— Этот грех каждый день беру. Да вот видите, не жалею.
— Молиться, доктор, за вас я буду. Творите вы, может, и хорошее, да божий промысел вам неведом. Большой ваш грех каждодневный буду я замаливать с нынешнего дня. — И ушел.
Ну, что-то вроде компенсации наступило.
Смотрели все вместе: хирурги, анестезиологи, эндокринолог-диабетчик, терапевты.
Самая трудная задача анестезиологам.
Идет операция. Момент жестокой травмы. Все должно оставаться в это время на одном уровне. Все чтоб было, как перед операцией. И сахар. И кровь. И дыхание. И давление. Все, что не в руках хирурга. Еще не известно, у кого больше работы будет.
Нет, у меня больше. Но что я смогу без них?
Все подумали. Все разрешили.
Хирурги примерились.
Анестезиологи оценили, согласились, примирились. И вот она на столе.
В операционной недавно был ремонт. Глаз режет белым цветом, белым блеском. Слишком бело. Голова Ларисы Петровны тоже белая.
— Тяжелая война сейчас начнется, Лариса Петровна!
А Лариса Петровна никогда не узнает или, в лучшем случае, никогда не сумеет оценить степень нашего совместного риска.
В головах два врача-анестезиолога, две сестры-анестезиста.
Я моюсь.
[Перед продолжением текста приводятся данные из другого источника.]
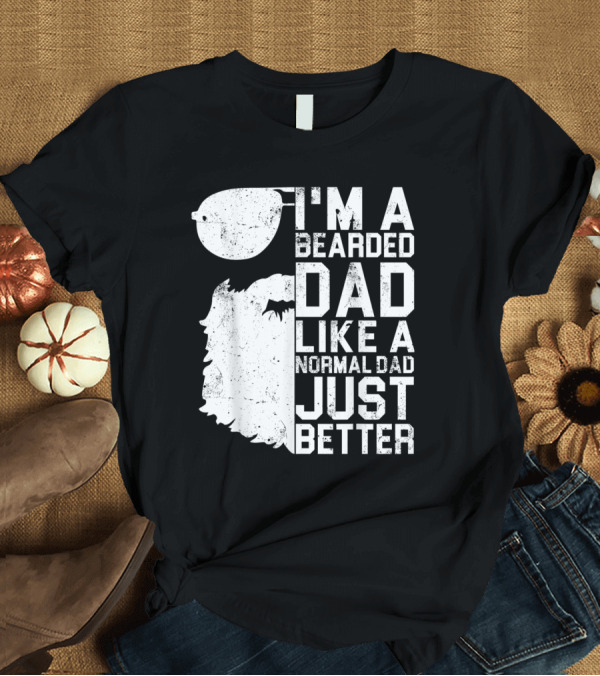 T-Shirt: I'm a Bearded Dad Like a Normal Dad Just Better T-Shirt I'm a Bearded Dad Like a Normal Dad Just Better T-Shirt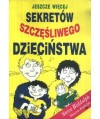 Jeszcze więcej sekretów szczęśliwego dzieciństwa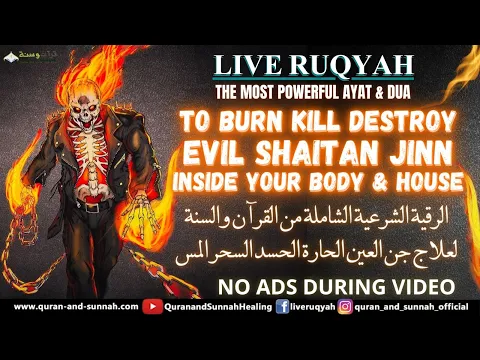Download MP3 Very Strong Al Quran Ruqyah to Burn Kill Destroy Jinn, Evils, Satan, Devils inside your Body \u0026 House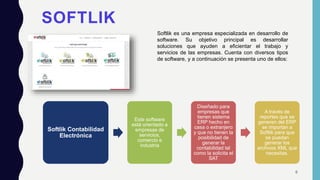 SOFTLIK
Softlik es una empresa especializada en desarrollo de
software. Su objetivo principal es desarrollar
soluciones que ayuden a eficientar el trabajo y
servicios de las empresas. Cuenta con diversos tipos
de software, y a continuación se presenta uno de ellos:
Softlik Contabilidad
Electrónica
Este software
está orientado a
empresas de
servicios,
comercio e
industria
Diseñado para
empresas que
tienen sistema
ERP hecho en
casa o extranjero
y que no tienen la
posibilidad de
generar la
contabilidad tal
como la solicita el
SAT
A través de
reportes que se
generen del ERP
se importan a
Softlik para que
se puedan
generar los
archivos XML que
necesitas.
8
 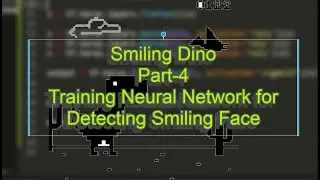 Smiling Dino Game ||Part-4 Training the Neural Network  to Detect Smiling Face |No Internet Dinosaur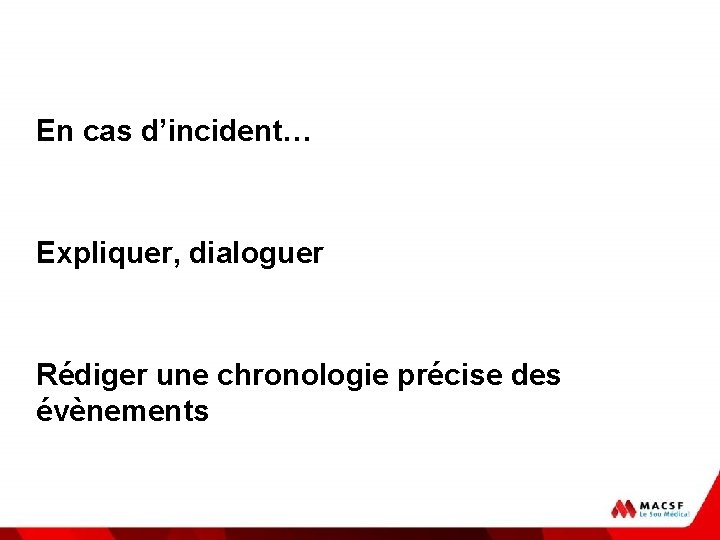 En cas d’incident… Expliquer, dialoguer Rédiger une chronologie précise des évènements 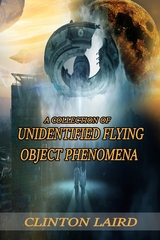 A Collection of Unidentified Flying Object Phenomena - Clinton Laird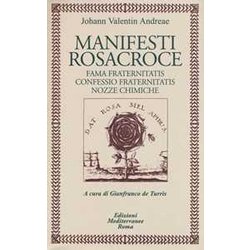 Manifesti Rosacroce. Fama Fraternitatis-Confessio Fraternitatis-Nozze Chimiche Manifesti Rosacroce. Fama Fraternitatis-Confessio Fraternitatis-Nozze Chimiche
Лаборантка набирает кровь в пробирочку. Сколько сахара там сейчас? Ответ будет через час.
Я моюсь.
Седая голова. Глаза уже закрыты. Спит.
Я стою справа. Там же, ближе к голове, один ассистент. Напротив — другой. В ногах — сестра.
Анестезиологи пусть распределяются, как хотят. Это уже не моя забота. С этого момента наши заботы разграничены.
Моя забота — живот.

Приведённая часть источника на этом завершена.